== Segment start ==

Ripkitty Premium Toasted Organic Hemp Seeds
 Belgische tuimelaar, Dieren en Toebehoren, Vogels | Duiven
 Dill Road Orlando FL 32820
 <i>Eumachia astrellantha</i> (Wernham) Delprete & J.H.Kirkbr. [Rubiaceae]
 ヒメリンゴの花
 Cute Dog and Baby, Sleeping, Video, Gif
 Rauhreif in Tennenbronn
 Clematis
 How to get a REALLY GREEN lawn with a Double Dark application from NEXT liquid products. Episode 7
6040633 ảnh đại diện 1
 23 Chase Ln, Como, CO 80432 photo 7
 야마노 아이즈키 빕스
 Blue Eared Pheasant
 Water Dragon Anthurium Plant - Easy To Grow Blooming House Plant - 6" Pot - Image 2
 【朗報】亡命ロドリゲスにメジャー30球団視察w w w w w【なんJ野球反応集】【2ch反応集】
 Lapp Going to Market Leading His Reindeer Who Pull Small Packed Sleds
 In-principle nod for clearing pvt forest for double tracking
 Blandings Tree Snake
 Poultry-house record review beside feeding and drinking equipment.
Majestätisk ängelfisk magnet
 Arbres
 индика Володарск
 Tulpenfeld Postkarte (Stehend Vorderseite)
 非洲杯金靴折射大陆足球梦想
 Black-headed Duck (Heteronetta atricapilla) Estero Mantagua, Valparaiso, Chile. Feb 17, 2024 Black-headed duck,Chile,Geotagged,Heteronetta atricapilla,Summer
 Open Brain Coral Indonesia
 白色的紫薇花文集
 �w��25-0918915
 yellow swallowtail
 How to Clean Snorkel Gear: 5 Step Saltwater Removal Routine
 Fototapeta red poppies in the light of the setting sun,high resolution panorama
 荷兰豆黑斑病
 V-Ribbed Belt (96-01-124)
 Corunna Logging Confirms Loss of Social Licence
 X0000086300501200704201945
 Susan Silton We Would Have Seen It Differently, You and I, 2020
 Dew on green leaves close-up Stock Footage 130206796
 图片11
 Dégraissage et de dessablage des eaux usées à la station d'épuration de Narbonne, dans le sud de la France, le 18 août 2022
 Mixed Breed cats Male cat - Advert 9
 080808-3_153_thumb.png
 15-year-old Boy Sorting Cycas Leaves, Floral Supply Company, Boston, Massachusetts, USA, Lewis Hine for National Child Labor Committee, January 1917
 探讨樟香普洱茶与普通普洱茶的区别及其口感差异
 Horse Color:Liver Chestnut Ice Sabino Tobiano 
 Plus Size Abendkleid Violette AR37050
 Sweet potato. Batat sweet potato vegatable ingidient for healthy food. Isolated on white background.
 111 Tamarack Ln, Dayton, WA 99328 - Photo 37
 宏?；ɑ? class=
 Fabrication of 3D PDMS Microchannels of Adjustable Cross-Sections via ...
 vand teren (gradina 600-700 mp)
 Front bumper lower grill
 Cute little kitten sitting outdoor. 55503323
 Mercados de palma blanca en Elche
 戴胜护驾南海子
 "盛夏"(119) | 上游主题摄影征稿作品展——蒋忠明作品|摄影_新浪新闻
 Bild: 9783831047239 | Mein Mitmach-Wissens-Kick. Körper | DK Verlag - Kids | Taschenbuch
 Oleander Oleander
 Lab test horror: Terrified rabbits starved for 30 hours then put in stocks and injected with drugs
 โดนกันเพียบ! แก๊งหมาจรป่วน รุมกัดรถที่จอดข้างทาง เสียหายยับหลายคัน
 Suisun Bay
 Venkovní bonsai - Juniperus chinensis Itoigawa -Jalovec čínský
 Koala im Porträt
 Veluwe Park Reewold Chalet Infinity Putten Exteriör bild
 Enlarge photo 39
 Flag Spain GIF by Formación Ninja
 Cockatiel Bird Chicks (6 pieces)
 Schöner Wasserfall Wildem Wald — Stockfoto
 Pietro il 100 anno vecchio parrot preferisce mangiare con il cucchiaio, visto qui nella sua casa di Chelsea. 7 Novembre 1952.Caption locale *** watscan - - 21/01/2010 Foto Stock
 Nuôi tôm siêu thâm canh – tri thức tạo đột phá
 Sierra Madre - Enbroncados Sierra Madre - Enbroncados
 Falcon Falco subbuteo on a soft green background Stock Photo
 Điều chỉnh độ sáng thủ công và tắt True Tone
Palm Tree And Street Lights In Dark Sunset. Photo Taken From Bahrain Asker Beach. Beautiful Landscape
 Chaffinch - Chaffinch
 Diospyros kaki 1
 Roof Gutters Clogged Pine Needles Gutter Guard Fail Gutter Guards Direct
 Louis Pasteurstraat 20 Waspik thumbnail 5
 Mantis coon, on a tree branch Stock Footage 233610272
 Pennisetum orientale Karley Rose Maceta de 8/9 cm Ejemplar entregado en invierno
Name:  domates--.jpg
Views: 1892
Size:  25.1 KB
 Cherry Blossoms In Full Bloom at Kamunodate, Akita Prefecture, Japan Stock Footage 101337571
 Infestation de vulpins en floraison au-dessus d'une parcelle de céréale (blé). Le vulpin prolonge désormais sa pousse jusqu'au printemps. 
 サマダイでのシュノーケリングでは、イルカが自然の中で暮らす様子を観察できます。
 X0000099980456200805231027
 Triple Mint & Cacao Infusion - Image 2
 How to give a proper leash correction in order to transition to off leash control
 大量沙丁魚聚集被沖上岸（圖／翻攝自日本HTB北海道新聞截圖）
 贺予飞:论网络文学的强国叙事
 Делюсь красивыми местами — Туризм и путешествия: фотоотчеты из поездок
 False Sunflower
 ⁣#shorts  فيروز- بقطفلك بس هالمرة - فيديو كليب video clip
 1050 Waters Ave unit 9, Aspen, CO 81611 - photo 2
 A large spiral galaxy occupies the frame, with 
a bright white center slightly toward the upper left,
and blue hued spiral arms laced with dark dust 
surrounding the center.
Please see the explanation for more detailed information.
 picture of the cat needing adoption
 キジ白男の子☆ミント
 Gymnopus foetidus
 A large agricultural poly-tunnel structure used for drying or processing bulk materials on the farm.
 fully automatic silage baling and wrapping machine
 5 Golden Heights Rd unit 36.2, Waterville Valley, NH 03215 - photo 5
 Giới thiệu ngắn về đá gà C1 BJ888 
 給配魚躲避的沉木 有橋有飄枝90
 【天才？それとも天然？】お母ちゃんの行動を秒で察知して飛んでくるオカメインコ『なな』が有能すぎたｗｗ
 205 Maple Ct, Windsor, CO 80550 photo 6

== Segment end ==

> _Exercise prompt_
Would you restate each of the entries word for word?

> _Exercise response_
Ripkitty Premium Toasted Organic Hemp Seeds
 Belgische tuimelaar, Dieren en Toebehoren, Vogels | Duiven
 Dill Road Orlando FL 32820
 <i>Eumachia astrellantha</i> (Wernham) Delprete & J.H.Kirkbr. [Rubiaceae]
 ヒメリンゴの花
 Cute Dog and Baby, Sleeping, Video, Gif
 Rauhreif in Tennenbronn
 Clematis
 How to get a REALLY GREEN lawn with a Double Dark application from NEXT liquid products. Episode 7
6040633 ảnh đại diện 1
 23 Chase Ln, Como, CO 80432 photo 7
 야마노 아이즈키 빕스
 Blue Eared Pheasant
 Water Dragon Anthurium Plant - Easy To Grow Blooming House Plant - 6" Pot - Image 2
 【朗報】亡命ロドリゲスにメジャー30球団視察w w w w w【なんJ野球反応集】【2ch反応集】
 Lapp Going to Market Leading His Reindeer Who Pull Small Packed Sleds
 In-principle nod for clearing pvt forest for double tracking
 Blandings Tree Snake
 Poultry-house record review beside feeding and drinking equipment.
Majestätisk ängelfisk magnet
 Arbres
 индика Володарск
 Tulpenfeld Postkarte (Stehend Vorderseite)
 非洲杯金靴折射大陆足球梦想
 Black-headed Duck (Heteronetta atricapilla) Estero Mantagua, Valparaiso, Chile. Feb 17, 2024 Black-headed duck,Chile,Geotagged,Heteronetta atricapilla,Summer
 Open Brain Coral Indonesia
 白色的紫薇花文集
 �w��25-0918915
 yellow swallowtail
 How to Clean Snorkel Gear: 5 Step Saltwater Removal Routine
 Fototapeta red poppies in the light of the setting sun,high resolution panorama
 荷兰豆黑斑病
 V-Ribbed Belt (96-01-124)
 Corunna Logging Confirms Loss of Social Licence
 X0000086300501200704201945
 Susan Silton We Would Have Seen It Differently, You and I, 2020
 Dew on green leaves close-up Stock Footage 130206796
 图片11
 Dégraissage et de dessablage des eaux usées à la station d'épuration de Narbonne, dans le sud de la France, le 18 août 2022
 Mixed Breed cats Male cat - Advert 9
 080808-3_153_thumb.png
 15-year-old Boy Sorting Cycas Leaves, Floral Supply Company, Boston, Massachusetts, USA, Lewis Hine for National Child Labor Committee, January 1917
 探讨樟香普洱茶与普通普洱茶的区别及其口感差异
 Horse Color:Liver Chestnut Ice Sabino Tobiano 
 Plus Size Abendkleid Violette AR37050
 Sweet potato. Batat sweet potato vegatable ingidient for healthy food. Isolated on white background.
 111 Tamarack Ln, Dayton, WA 99328 - Photo 37
 宏?；ɑ? class=
 Fabrication of 3D PDMS Microchannels of Adjustable Cross-Sections via ...
 vand teren (gradina 600-700 mp)
 Front bumper lower grill
 Cute little kitten sitting outdoor. 55503323
 Mercados de palma blanca en Elche
 戴胜护驾南海子
 "盛夏"(119) | 上游主题摄影征稿作品展——蒋忠明作品|摄影_新浪新闻
 Bild: 9783831047239 | Mein Mitmach-Wissens-Kick. Körper | DK Verlag - Kids | Taschenbuch
 Oleander Oleander
 Lab test horror: Terrified rabbits starved for 30 hours then put in stocks and injected with drugs
 โดนกันเพียบ! แก๊งหมาจรป่วน รุมกัดรถที่จอดข้างทาง เสียหายยับหลายคัน
 Suisun Bay
 Venkovní bonsai - Juniperus chinensis Itoigawa -Jalovec čínský
 Koala im Porträt
 Veluwe Park Reewold Chalet Infinity Putten Exteriör bild
 Enlarge photo 39
 Flag Spain GIF by Formación Ninja
 Cockatiel Bird Chicks (6 pieces)
 Schöner Wasserfall Wildem Wald — Stockfoto
 Pietro il 100 anno vecchio parrot preferisce mangiare con il cucchiaio, visto qui nella sua casa di Chelsea. 7 Novembre 1952.Caption locale *** watscan - - 21/01/2010 Foto Stock
 Nuôi tôm siêu thâm canh – tri thức tạo đột phá
 Sierra Madre - Enbroncados Sierra Madre - Enbroncados
 Falcon Falco subbuteo on a soft green background Stock Photo
 Điều chỉnh độ sáng thủ công và tắt True Tone
Palm Tree And Street Lights In Dark Sunset. Photo Taken From Bahrain Asker Beach. Beautiful Landscape
 Chaffinch - Chaffinch
 Diospyros kaki 1
 Roof Gutters Clogged Pine Needles Gutter Guard Fail Gutter Guards Direct
 Louis Pasteurstraat 20 Waspik thumbnail 5
 Mantis coon, on a tree branch Stock Footage 233610272
 Pennisetum orientale Karley Rose Maceta de 8/9 cm Ejemplar entregado en invierno
Name:  domates--.jpg
Views: 1892
Size:  25.1 KB
 Cherry Blossoms In Full Bloom at Kamunodate, Akita Prefecture, Japan Stock Footage 101337571
 Infestation de vulpins en floraison au-dessus d'une parcelle de céréale (blé). Le vulpin prolonge désormais sa pousse jusqu'au printemps. 
 サマダイでのシュノーケリングでは、イルカが自然の中で暮らす様子を観察できます。
 X0000099980456200805231027
 Triple Mint & Cacao Infusion - Image 2
 How to give a proper leash correction in order to transition to off leash control
 大量沙丁魚聚集被沖上岸（圖／翻攝自日本HTB北海道新聞截圖）
 贺予飞:论网络文学的强国叙事
 Делюсь красивыми местами — Туризм и путешествия: фотоотчеты из поездок
 False Sunflower
 ⁣#shorts  فيروز- بقطفلك بس هالمرة - فيديو كليب video clip
 1050 Waters Ave unit 9, Aspen, CO 81611 - photo 2
 A large spiral galaxy occupies the frame, with 
a bright white center slightly toward the upper left,
and blue hued spiral arms laced with dark dust 
surrounding the center.
Please see the explanation for more detailed information.
 picture of the cat needing adoption
 キジ白男の子☆ミント
 Gymnopus foetidus
 A large agricultural poly-tunnel structure used for drying or processing bulk materials on the farm.
 fully automatic silage baling and wrapping machine
 5 Golden Heights Rd unit 36.2, Waterville Valley, NH 03215 - photo 5
 Giới thiệu ngắn về đá gà C1 BJ888 
 給配魚躲避的沉木 有橋有飄枝90
 【天才？それとも天然？】お母ちゃんの行動を秒で察知して飛んでくるオカメインコ『なな』が有能すぎたｗｗ
 205 Maple Ct, Windsor, CO 80550 photo 6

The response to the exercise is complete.